# Exclusive upper bound in random number range

Why do languages' random number generators tend to return a value exclusive of the upper bound of the range?

For example, an implicit range -

JavaScript's `random()` method "Return a random number between 0 (inclusive) and 1 (exclusive)"

An explicitly specified range -

.NET's `System.Random.Next(minValue, maxValue)`: `maxValue`: The exclusive upper bound of the random number returned. maxValue must be greater than or equal to minValue

## 1 Answer

Both Java and .net tend to favour this form of range (which is generally known as a half open range) in all circumstances, eg they also use it for selecting ranges in substring operations, and in operations on sections of arrays. The main reason for favouring it is that it means that the calculation end - start gives a result of the number of items included in the range (e.g, for a range of 1 up to 7, 7-1 = 6 values, I.e. 1, 2, 3, 4, 5, 6) when working with integers.

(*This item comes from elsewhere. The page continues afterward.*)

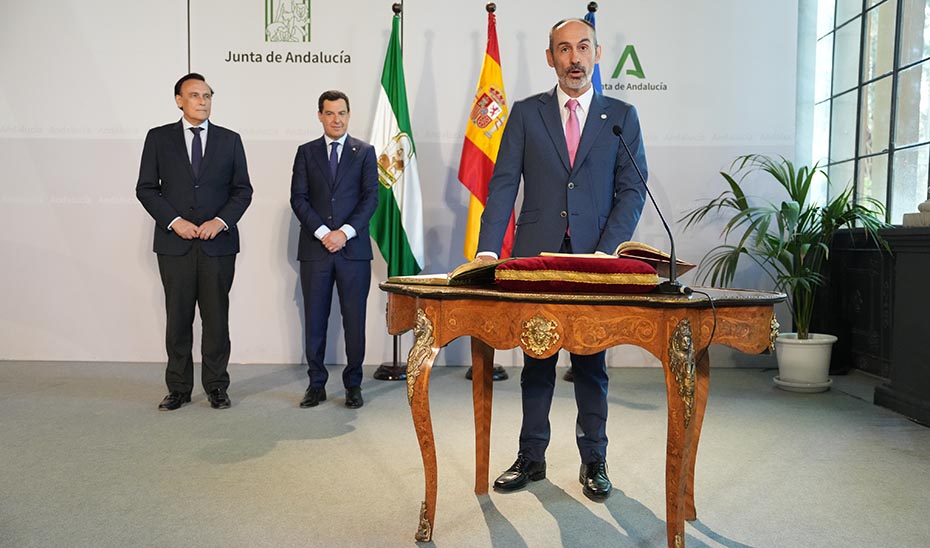 Moreno señala que este verano se hará efectivo el abono de 15,5 millones de euros adicionales para la financiación extraordinaria de las universidades públicas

There is also another reason for floating point random number generators. Such a generator usually works by assigning random bits to the mantissa and leaving the exponent set to zero. This results in a value between 0 and 1-2^(-b) inclusive, where b is the number of bits in the mantissa, I.e it forms a half open range between 0 and 1. This is far simpler than having to include 1 in the range because it would require a special case in the generation code.

A further benefit is that when a floating point number of this kind is multiplied by an integer and rounded by truncation, the result has an even distribution. If it could generate 1, then in the very unlikely case that that actually happened, it would round to the maximum value, but not for any other outcome. This would be very hard to work with.